* **Excerpted data**
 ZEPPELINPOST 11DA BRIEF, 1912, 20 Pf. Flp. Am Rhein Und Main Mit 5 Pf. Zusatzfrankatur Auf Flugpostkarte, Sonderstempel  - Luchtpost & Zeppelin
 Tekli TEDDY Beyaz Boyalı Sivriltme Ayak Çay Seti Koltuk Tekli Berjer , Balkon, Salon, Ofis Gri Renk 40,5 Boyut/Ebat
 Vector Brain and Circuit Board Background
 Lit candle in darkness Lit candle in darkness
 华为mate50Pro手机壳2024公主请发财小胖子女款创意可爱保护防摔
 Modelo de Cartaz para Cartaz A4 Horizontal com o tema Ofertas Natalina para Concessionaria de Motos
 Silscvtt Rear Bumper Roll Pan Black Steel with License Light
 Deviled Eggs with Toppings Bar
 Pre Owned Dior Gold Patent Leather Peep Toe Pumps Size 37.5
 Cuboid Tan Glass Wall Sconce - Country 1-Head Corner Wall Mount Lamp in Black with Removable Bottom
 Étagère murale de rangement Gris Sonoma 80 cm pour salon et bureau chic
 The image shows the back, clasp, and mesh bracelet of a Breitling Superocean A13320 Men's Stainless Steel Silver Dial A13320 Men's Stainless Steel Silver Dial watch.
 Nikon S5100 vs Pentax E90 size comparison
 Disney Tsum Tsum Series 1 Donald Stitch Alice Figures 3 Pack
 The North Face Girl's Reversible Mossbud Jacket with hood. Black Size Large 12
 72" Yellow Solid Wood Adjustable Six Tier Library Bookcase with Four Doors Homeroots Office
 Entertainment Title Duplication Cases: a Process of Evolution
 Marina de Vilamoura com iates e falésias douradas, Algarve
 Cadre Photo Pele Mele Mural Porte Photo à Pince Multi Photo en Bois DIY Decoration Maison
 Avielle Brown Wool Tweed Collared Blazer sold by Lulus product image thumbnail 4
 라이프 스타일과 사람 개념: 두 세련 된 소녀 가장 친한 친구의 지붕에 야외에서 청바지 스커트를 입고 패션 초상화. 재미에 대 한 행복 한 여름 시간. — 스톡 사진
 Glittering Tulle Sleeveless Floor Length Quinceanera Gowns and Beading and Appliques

* **Problem**
Look in the material above for the line with "Vector Brain and Circuit Board Background" and the line with "The image shows", and transcribe exactly those lines and all lines between them, nothing more.

* **Answer space**
 Vector Brain and Circuit Board Background
 Lit candle in darkness Lit candle in darkness
 华为mate50Pro手机壳2024公主请发财小胖子女款创意可爱保护防摔
 Modelo de Cartaz para Cartaz A4 Horizontal com o tema Ofertas Natalina para Concessionaria de Motos
 Silscvtt Rear Bumper Roll Pan Black Steel with License Light
 Deviled Eggs with Toppings Bar
 Pre Owned Dior Gold Patent Leather Peep Toe Pumps Size 37.5
 Cuboid Tan Glass Wall Sconce - Country 1-Head Corner Wall Mount Lamp in Black with Removable Bottom
 Étagère murale de rangement Gris Sonoma 80 cm pour salon et bureau chic
 The image shows the back, clasp, and mesh bracelet of a Breitling Superocean A13320 Men's Stainless Steel Silver Dial A13320 Men's Stainless Steel Silver Dial watch.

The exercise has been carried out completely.